Выбрать главу

В науке такая система стихосложения называется, парадоксальным образом, «рифмованная проза». «Рифмованная» – потому что от трети до половины всех слов оказываются рифмованными (в два с лишним раза больше, чем, например, в «Евгении Онегине»). «Проза» – потому что эти рифмы не членят текст на стихотворные строчки, не подчеркивают в нем ни ритмических, ни синтаксических пауз, а возникают неожиданно и непредсказуемо – не как структура, а как украшение. Вот маленький отрывок – картинка будущего – из «Ночи под Новый Век» (в подлиннике он напечатан как фигурное стихотворение в виде новогодней елки): «Добрый вечер! Добрый век! До бровей – поседелая шапка. Снега – охапка до век. Щеки с холода – ну и алы же! Лыжи поставьте, пьексы снимите и подымайтесь греться наверх. Тут растрещался камин искусственных дров: Живые деревья лет сорок не рубят! Любят, что просто растут. Воздух здоров, и исчезло древнее прозвище „дровосек“. Заходите сюда, добрый век!» Читатель, конечно, заметит рифмы «век – до век – дровосек» (но, наверное, не заметит «наверх»), «дров – здоров», даже «шапка – охапка» и «алы же – лыжи», но, наверное, не заметит «добрый век – до бровей» и, может быть, даже «тут – растут»; и уж никак не угадает, как разбил эту прозу на строки Кирсанов. Это и есть рифмованная проза, поток переплетающихся созвучий, экзамен на чуткость читательского слуха. Она дорога поэту своей гибкостью: рифмы в ней могут появляться то упорядоченней, то беспорядочней, ритмы то отвердевают, то расплываются, она может то уподобляться правильному стиху, записанному в строчку, то противопоставляться ему.

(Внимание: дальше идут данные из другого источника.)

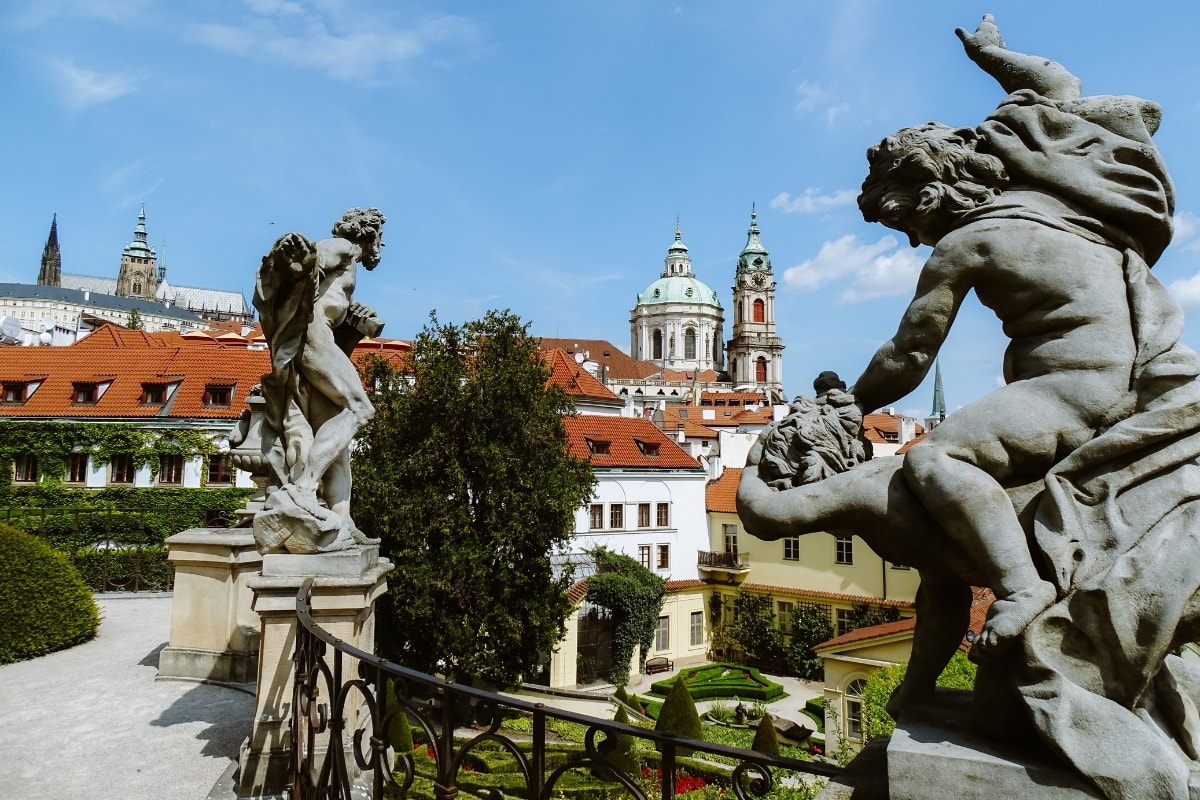 Vrtbovská zahrada Praha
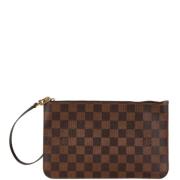 Pre-owned Leather louis-vuitton-bags Louis Vuitton Vintage , Brown , D...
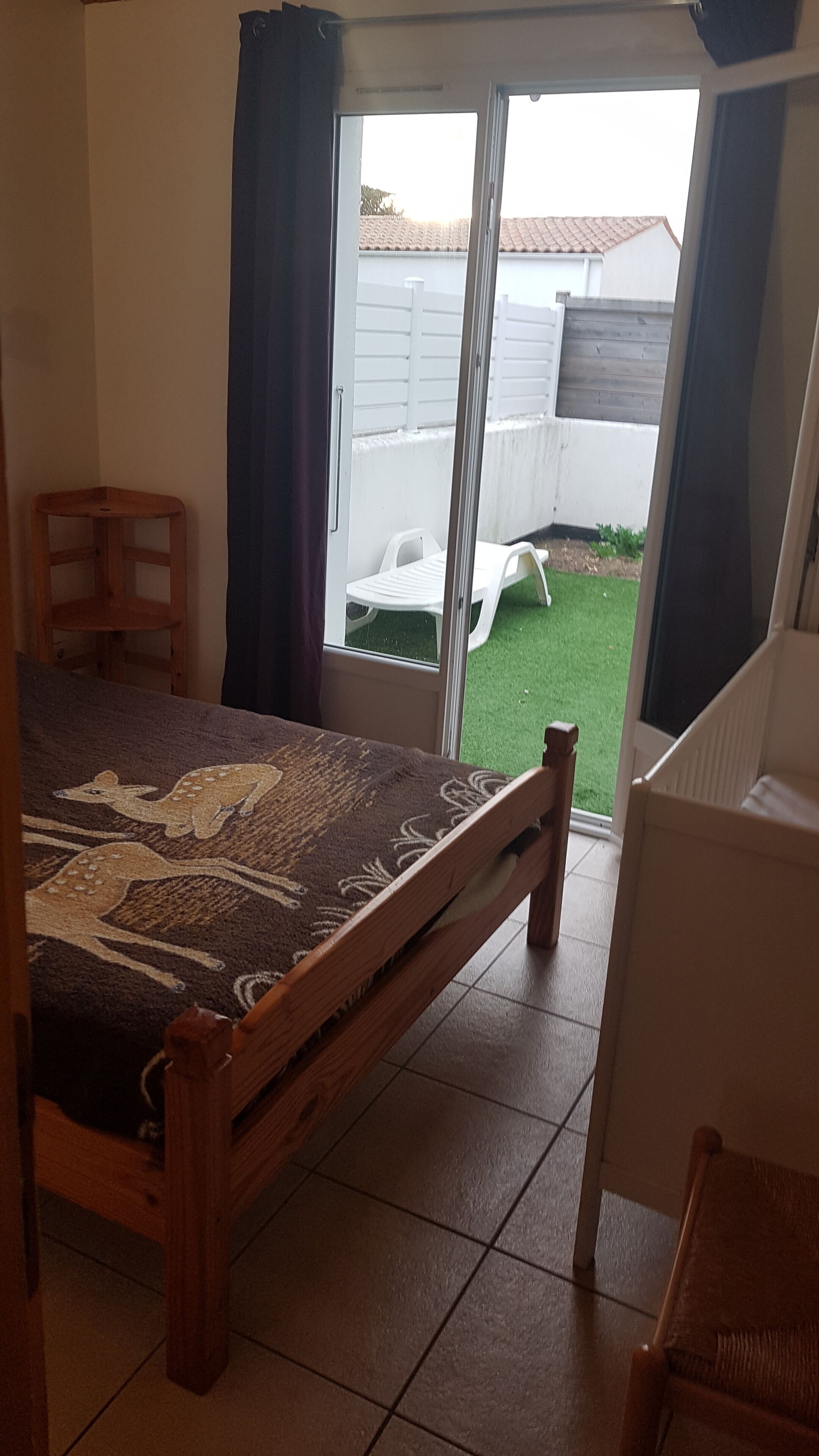 1 bedroom, iron/ironing board, free WiFi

Слово «раек» плохо подходит для обозначения новой поэтической формы: «раешный стих» балаганных дедов как раз был очень четко расчленен на строчки, подчеркнутые синтаксисом и размеченные рифмами. Но Кирсанову была важна многозначность этого слова: низовой раек балаганных картинок – высокий раек театральной галерки – и большой рай настоящей поэзии. Предшественников у него не было: в европейской поэзии рифмовка такой степени аморфности не употреблялась никогда, а в России мелькнула несколько раз только у неугомонного новатора Андрея Белого и осталась никем не замеченной. Для Кирсанова эта форма была хороша не традициями, идущими из прошлого, а возможностями, распахивающимися в будущее, – возможностями соединить большие темы и идеи с веселой, неторжественной интонацией; а мы знаем, что именно это было главной его заботой и, можно сказать, главной чертой его характера от первых лет до последних. («Истину с улыбкой говорить», – неожиданно вспомнит русский читатель слова державинского «Памятника»).

Новая система стихосложения – подарок, который дарят поэзии не каждый день. Но открытие осталось незамеченным. Все решили, что это индивидуальный поэтический прием Кирсанова – еще один из его формалистических изысков. Подражателей и продолжателей не нашлось. Причин было две. Во-первых, многим попросту не хватало мастерства: пропитать прозу созвучиями так, чтобы они не опирались ни на ритм, ни на синтаксис, – это очень, очень трудно. А во-вторых, независимо от этого, интерес к рифме шел на спад: приближалась мода на свободный стих, аскетически отказывающийся от рифмы и оперирующий обнаженными смыслами. Открытие Кирсанова, невостребованное, легло в запасники русского стихосложения и ждет новой смены литературных вкусов.

Можно сказать, что это символично: вот так и весь Кирсанов остался в поэзии XX в. невостребованным поэтом. Или, точнее: невоспринятым поэтом, непрочитанным поэтом. По его стихам скользили слухом – иногда с удовольствием, иногда с раздражением, – но редко останавливались, чтобы расслышать в его словах мысль. Именно ту мысль, что в словах, а не ту, что за словами: мы помним, «слово и есть мысль». Чтобы уловить ее, не нужно ни учености, ни природной чувствительности, – нужна только внимательность и готовность к новому и непривычному. А именно такой внимательности читателям не хватало больше всего – и притом чем дальше, тем больше.